Industrial furnaces are enclosed structures that contain high heat
chambers. Compared to industrial ovens, they provide much higher
temperatures and therefore are mostly used on materials with high
melting points. They are found in glass fabrication, steel service
centers, foundries, forgeries, metal recycling plants and any metallurgy
application involving the use of heat to alter, improve, fabricate or
form metals like steel, titanium and aluminum, alloys, glass, composite
materials and some plastics.
Furnaces meant for small runs are usually of single chamber design and are manually loaded and unloaded with various tools to lift crucibles full of molten metal or heat treated products. Larger volume furnaces have automated conveyor systems that allow many parts or products to be treated at a time.
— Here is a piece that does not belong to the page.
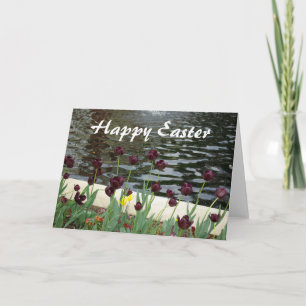 Glückliche Ostern-Tulpe-Karte Feiertagskarte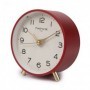 DESPERTADOR ANALÓGICO ROJO DECO TIM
Their controlled atmospheres can be oxidizing, inert, salt bath or vacuum. Their most common use is for heat treating glass and metal, which alters or improves the material's properties by exposing it to high temperatures, then rapid cooling. Furnaces are also capable of aging, annealing, sterilizing and sintering materials, as well as melting raw substances for molding or casting purposes. Furnace specifications include temperature requirements, pressure, internal width, length and height, as well as heat source.
There are many different furnace heat sources available today. They include radiant, natural gas, induction, conduction, electrical and dielectric. Each method has specialized benefits, limitations and applications. Radiant heat furnaces are similar to wood stoves and portable heaters. They use a flame to heat an object, commonly a ceramic plate. This object gives off heat that transfers throughout the area. Natural gas furnaces are very common. Compared to electric furnaces, they are an economical method of creating a high heat environment. They burn natural gas or propane in order to generate heat, and are used for their high temperature abilities. Induction furnaces use a combination of electrical resistance and hysteresis losses to heat metal parts. They are exposed to a magnetic field around a coil-carrying alternating current. Induction furnaces are the first choice in metal melting applications and are often used by iron foundries. Electric furnaces are also popular for melting metal. The most common type is an electrical arc furnace, which uses high amounts of electrical current, which travels through a metal arc and is conducted onto large amounts of scrap metal. The current heats the scrap metal to a high enough degree to melt it completely. These furnaces are mostly used for recycling metal parts to be formed into new products.